Kegg’s impedance-based approach works in the opposite direction. Because cervical mucus changes before ovulation in response to rising estrogen, kegg can flag fertile days as they’re happening, giving you time to act. A study published in the National Library of Medicine confirmed that cervical mucus electrical impedance offers a reliable measurement for defining the fertile window based on hormone-associated electrolyte changes, positioning it as a practical alternative to temperature-based methods for real-time prediction.

Cleaning and Charging

After each use, rinse the sensor with warm water. You don’t need soap, boiling, or harsh chemicals. Pat it dry with a soft towel or let it air dry completely. This last part matters: the device needs to be fully dry before you place it back in its charging cradle. Moisture on the sensor or charging contacts can interfere with the connection.

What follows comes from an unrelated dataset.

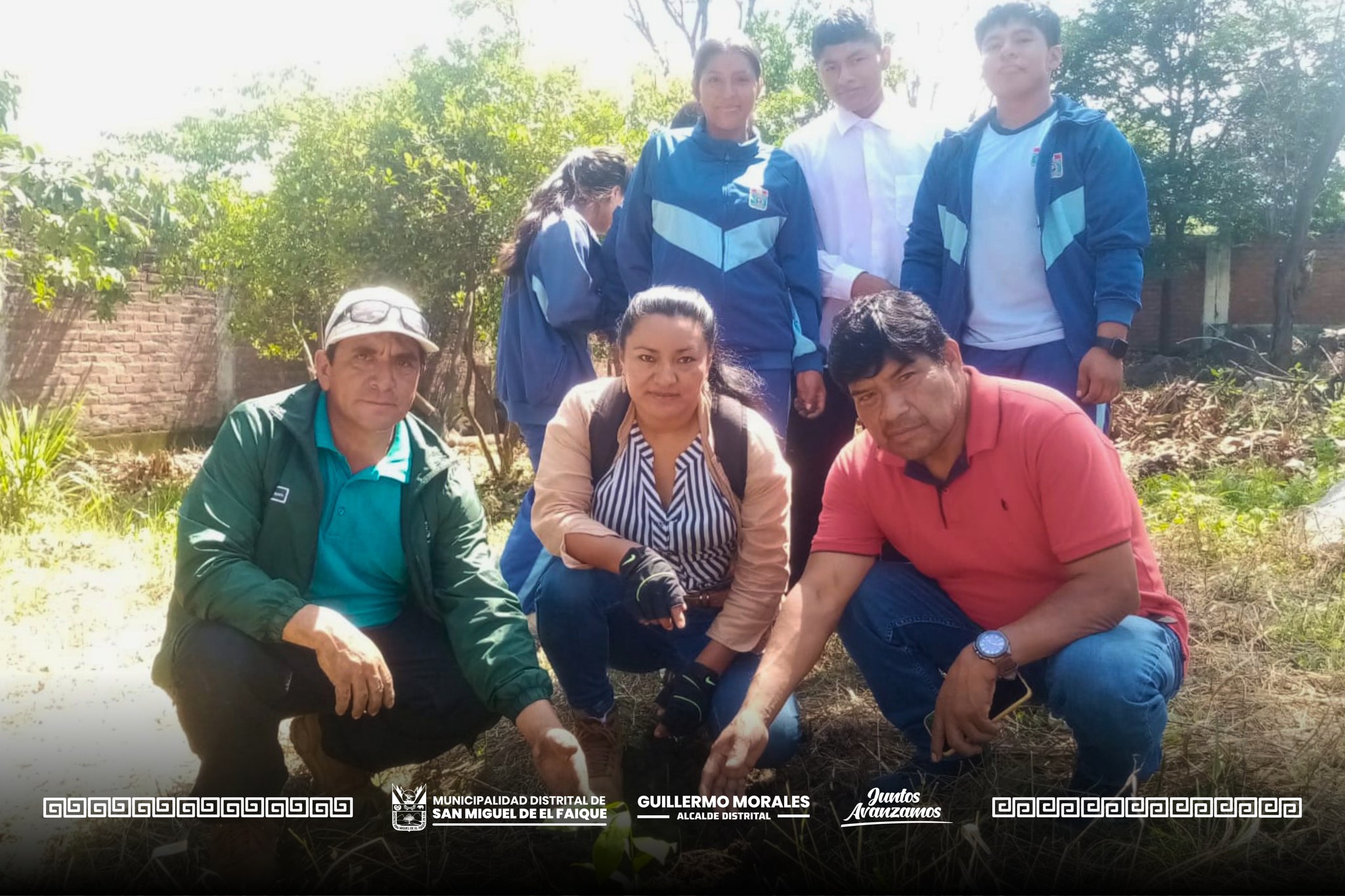 Siembra de plantas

The charging cradle keeps kegg topped up between uses. There’s no complex maintenance schedule. Just make the rinse-dry-cradle routine part of your day, and the device stays ready for the next reading.

Getting the Most From Your First Cycles

Kegg improves its predictions as it gathers more data from your body. Your first cycle will provide a baseline, but the algorithm learns your personal patterns over time. By the second or third cycle, the predicted fertile window becomes more tailored to your specific rhythm.

During those initial cycles, pay close attention to the raw impedance trend rather than relying exclusively on the predicted window. Look for the valley pattern yourself as you get familiar with how your chart behaves. If your cycles are irregular, expect the predictions to take a bit longer to calibrate. Logging additional data points like LH tests during these early cycles helps the app refine its forecast faster and gives you backup confirmation while you’re still learning to read your chart.